Stichtag

15. März 2009 - Vor 60 Jahren: Düsseldorfer Ständehaus wird Landtagssitz

"Der ganze Raum ist mit grauem Stoff ausgeschlagen, nur unterbrochen von heller Holztäfelung, die sich in Säulenform an den Längs- und Seitenwänden emporzieht." So beschreibt die "Westfalenpost" im März 1949 den Plenarsaal, der im ehemaligen Ständehaus in Düsseldorf für den nordrhein-westfälischen Landtag eingerichtet wird.

"Der ganze Raum wirkt einfach, aber sehr gediegen." Einziges Schmuckstück des Saales, so die Zeitung, ist ein großer Gobelin, auf dem die Landesfarben eingestickt sind. Das Parlament des 1946 neu gegründeten Landes Nordrhein-Westfalen tagt bisher in Provisorien. Nach dem Zweiten Weltkrieg hat das zerbombte Düsseldorf kein intaktes Parlamentgebäude zu bieten. Ein Mal debattieren die 176 Männer und 24 Frauen im brandgeschädigten Opernhaus, dann wechseln sie in den Theatersaal der Henkel-Werke, dem einzigen unbeschädigten Saal in der Landeshauptstadt.

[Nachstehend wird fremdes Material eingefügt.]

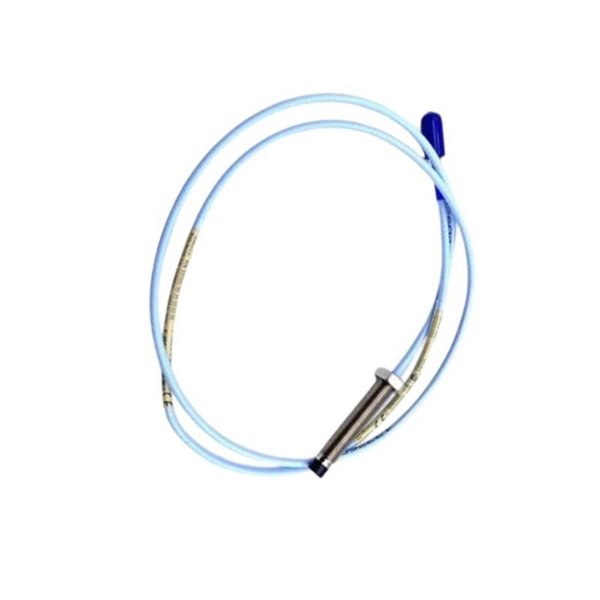 Bently Nevada 330104-02-18-10-01-00 3300 XL 8 mm Proximity Probe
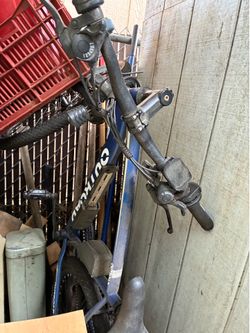 Selling e bike for parts or whole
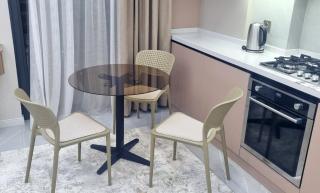 Park Apartment 5 - Tasjkent - 4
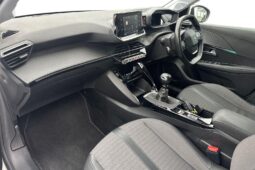 Used Peugeot 208 1.2 PureTech Allure Euro 6 (s/s) 5dr full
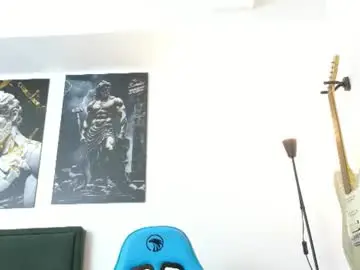 Chaturbate Sex Chat of dylanrivera_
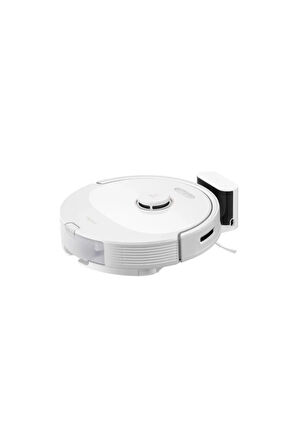 Ultra Max Robot Süpürge Siyah /beyaz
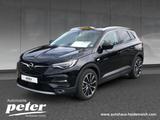 Opel Grandland PHEV Aut Ultimate+LEDER+KAMERA - Opel Grandland (X) ultimate mit Hybrid-Antrieb (Benzin/Elektro)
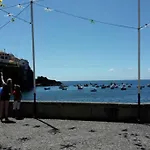 Lobos Bay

Der Saal in den Waschmittel-Werken wird aber nicht nur von den Delegierten genutzt. Er dient auch den stationierten britischen Truppen als Kinosaal. "Wenn wir bis Donnerstag da getagt hatten, dann musste alles, was Beine hatte, den Saal ausräumen", erinnert sich Gerhard Eyckers, der damals als Dolmetscher bei der Landtagsverwaltung arbeitet. "Weil am Freitagmorgen [...] die englischen Soldaten ihr Kino sehen wollten. Da gab es kein Pardon!" Deshalb sehen sich die Politiker nach einem eigenen Domizil um. Das Ständehaus scheint angemessen: Es wurde Ende des 19. Jahrhunderts von Architekt Julius Carl Raschdorff im Neo-Renaissance-Stil erbaut und diente den preußischen Provinzialständen im Rheinland als Parlamentssitz. Im Zweiten Weltkrieg wird der Bau weitgehend zerstört und ab 1948 wieder hergerichtet.

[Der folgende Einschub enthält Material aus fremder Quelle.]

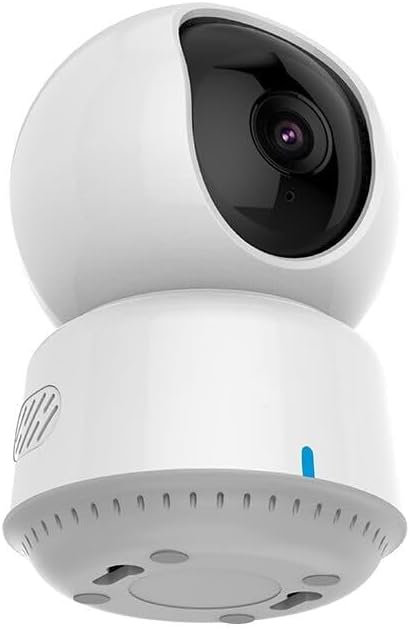 Aqara - Camera E1 - Smarter Vision For A Safer Home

Am 15. März 1949 zieht der erste gewählte Landtag Nordrhein-Westfalens im Ständehaus ein. "Ich bin überzeugt, dass die hohen Mitglieder dieses Hauses", sagt Landtagspräsident Josef Gockeln bei der Eröffnung, "sich in Zukunft in unserem Hause wohler fühlen, als es in der Vergangenheit der Fall sein konnte." Als Präsident des Parlamentarischen Rates überbringt Konrad Adenauer (CDU) die Glückwünsche der Bonner Versammlung, die gerade das Grundgesetz ausarbeitet.

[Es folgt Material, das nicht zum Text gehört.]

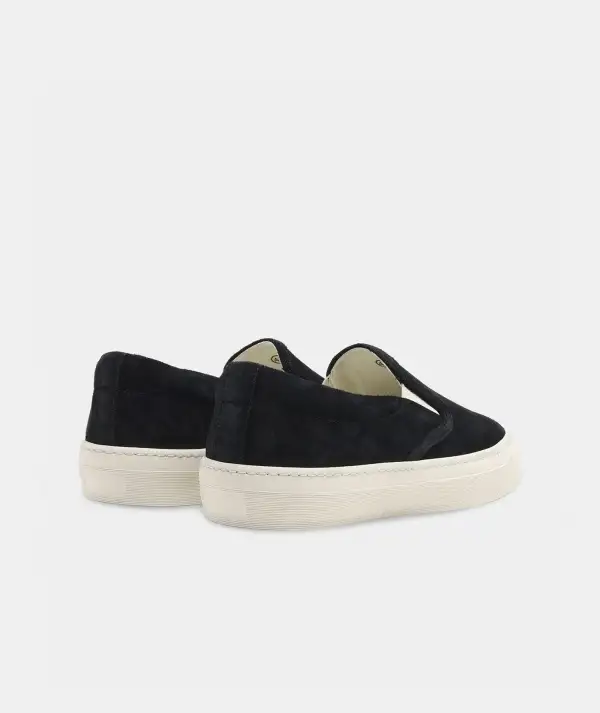 Everyday Urban Casual Suede Sneakers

General William Alexander Bishop, britischer Militärgouverneur von Nordrhein-Westfalen, weist anerkennend auf die Fortschritte hin, die das Land seit der Einberufung des ersten ernannten Landtags im Oktober 1946 gemacht habe. Die Feierstunde im Plenarsaal endet mit dem "Vorspiel" der "Meistersinger" von Richard Wagner. 39 Jahre lang bleibt das Ständehaus Parlamentssitz. 1988 beziehen die Abgeordneten im Düsseldorfer Hafen einen neu errichteten Komplex am Rheinufer. Das Ständehaus beherbergt seit 2002 mit "K21" einen Teil der Kunstsammlung Nordrhein-Westfalen.